I'll elaborate slightly on this idea.

Basically, you would be able to create a map which was essentially a
"link" to an existing map. The actual data would initially be a map
directory containing a single file, which contained the (possibly
qualified) name of another map.

Any access to a file within this directory (e.g. via G__find_file())
would result first in an attempt to locate the file within the
directory itself; if the file didn't exist there, the function would
then attempt to locate the file in the original directory. Creating or
modifying a file would always write the file into the new directory.

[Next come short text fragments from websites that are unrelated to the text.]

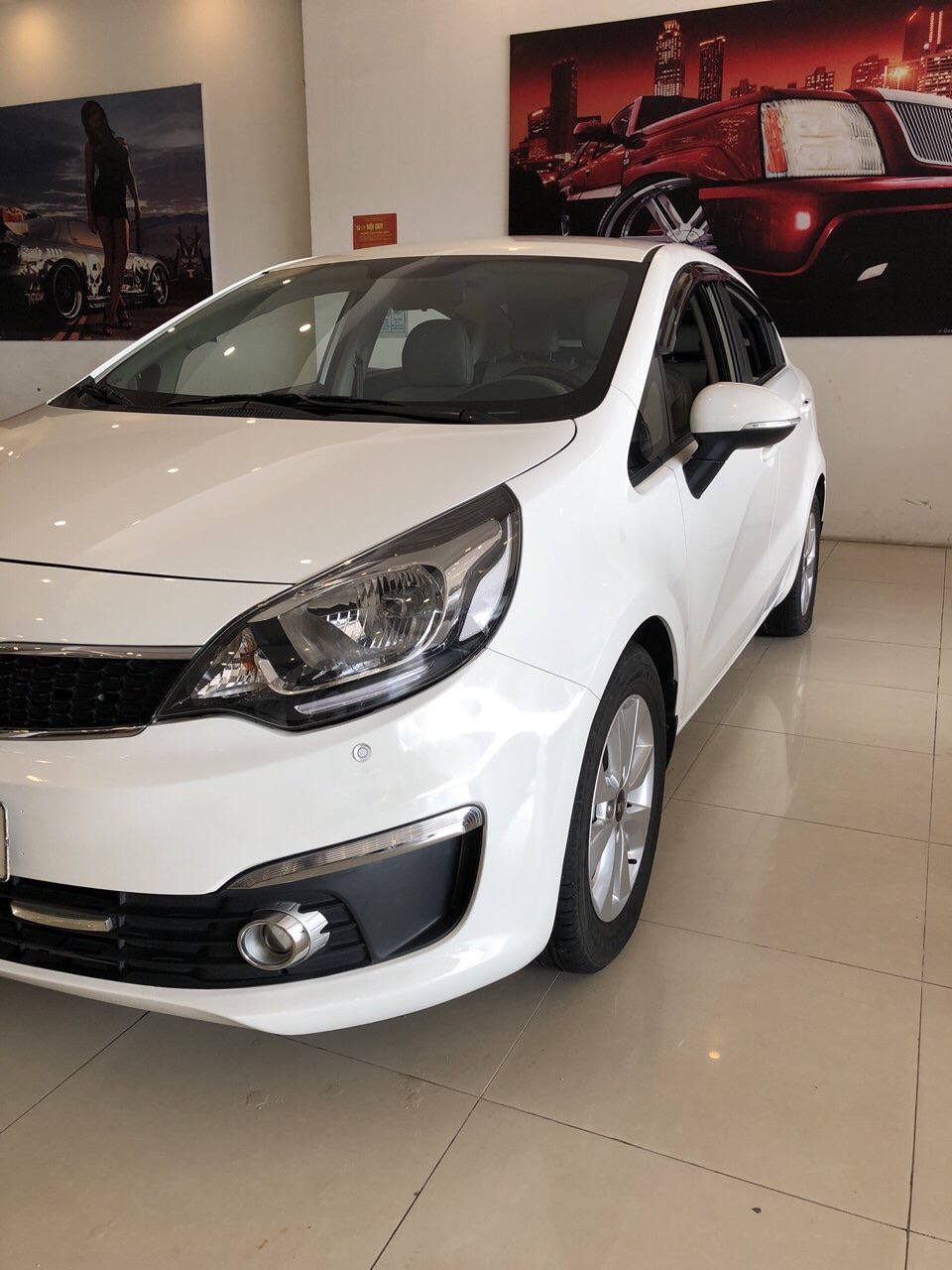 Kia Rio AT 2016 - Bán xe Kia Rio năm sản xuất 2016, màu trắng, xe nhập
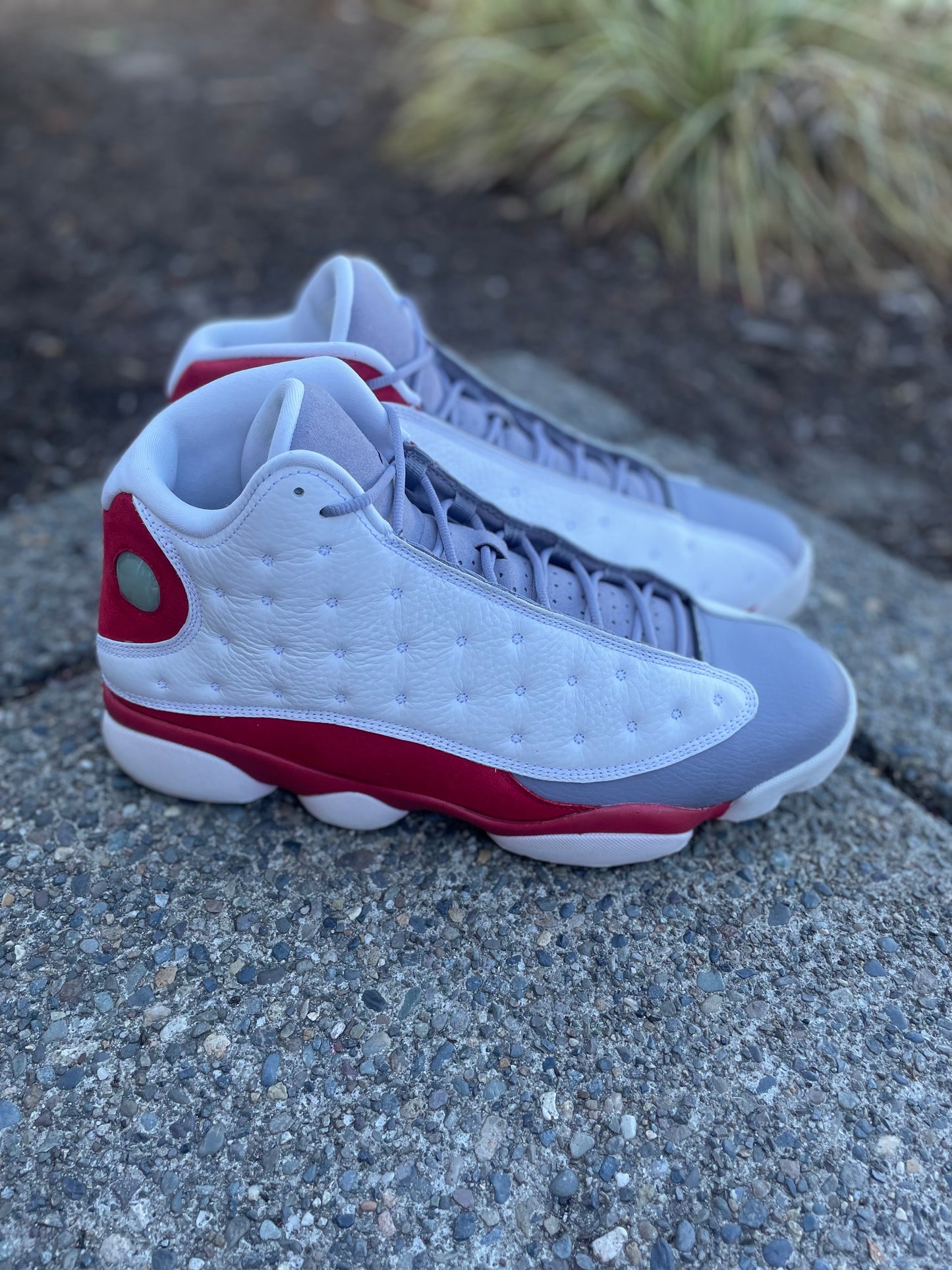 414571-126 Pre owned 2014 Jordan 13 “grey toe” size 13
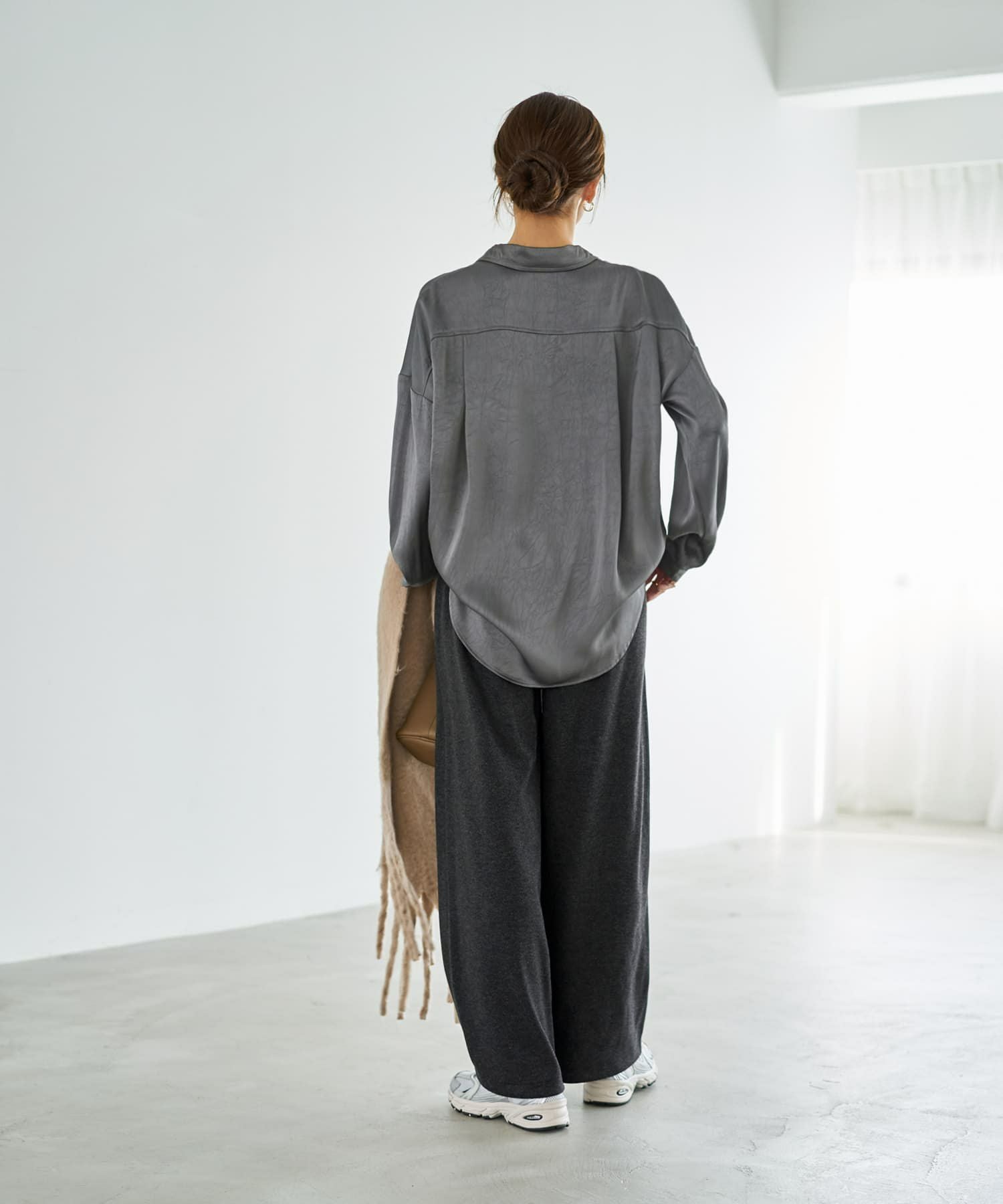 LUXE】シボ入りとろみサテンシャツB | おしゃれな大人レディース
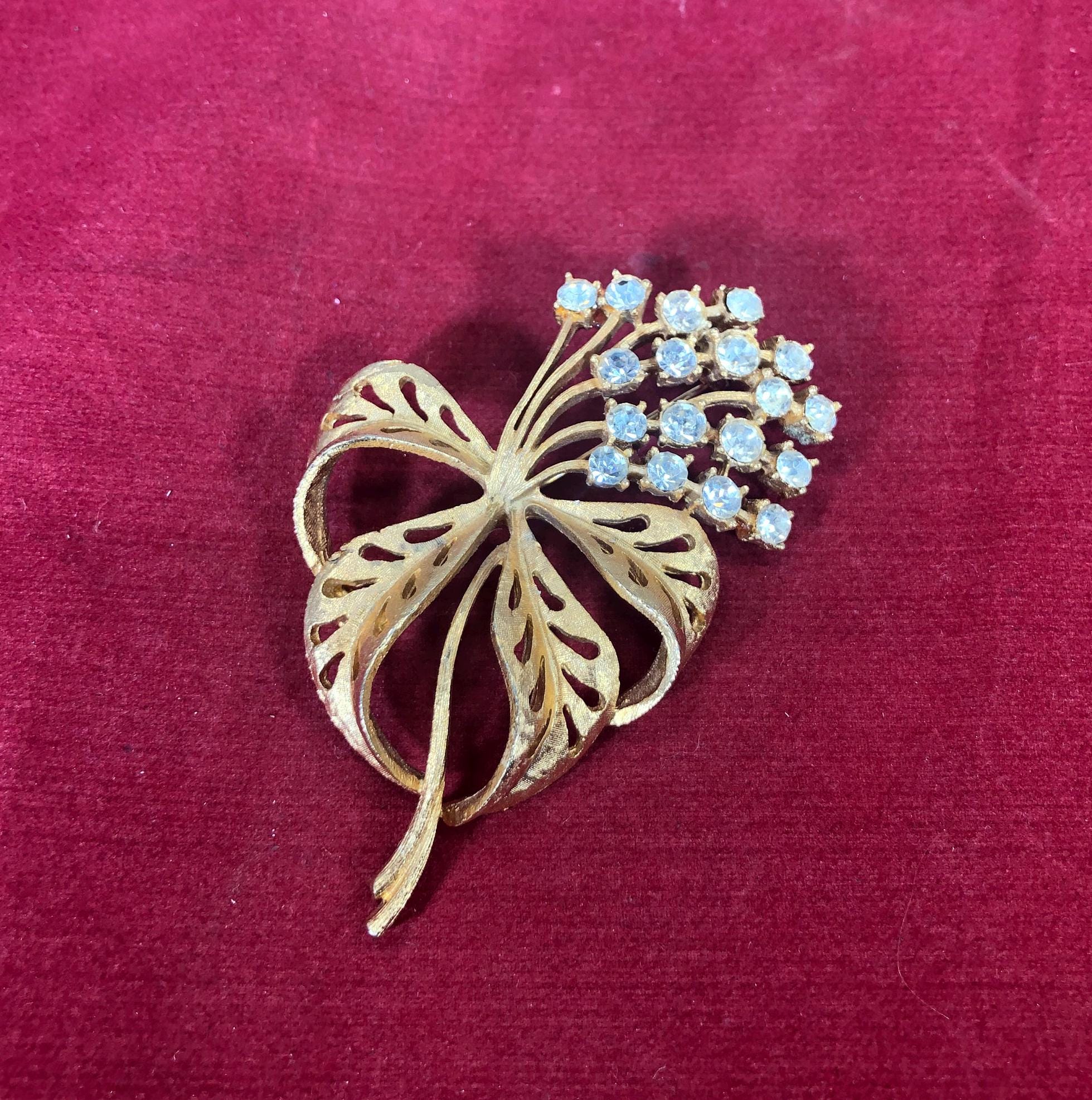 Vintage-brooch-cora-bouquet-rhinestones-gold-leaves-jewelry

[Aside: this implies that we need separate "find file" functions for
read and write.]

Reclass maps would then just be a specific case of the general
mechanism. Any map could contain a reclass table. A typical reclass
map would just consist of a link to the original map and a reclass
table. The reclass table would be a separate file rather than a
special type of cell_hd file; it wouldn't need the name/mapset header,
as this would be in the "link" file.

A map could be "recoloured" by creating a linked map with only a
"colr" file. Similarly, a map could be "relabelled" by creating a
linked map with only a "cats" file.

> Hoping for a fruitful discussion,

I hope so. IMHO, GRASS' future viability entirely depends upon the
amount of effort people are willing to expend upon core design issues. 
That will determine whether GRASS is a coherent package or a few
hundred disparate programs dumped into a directory.

-- 
Glynn Clements <glynn.clements at virgin.net>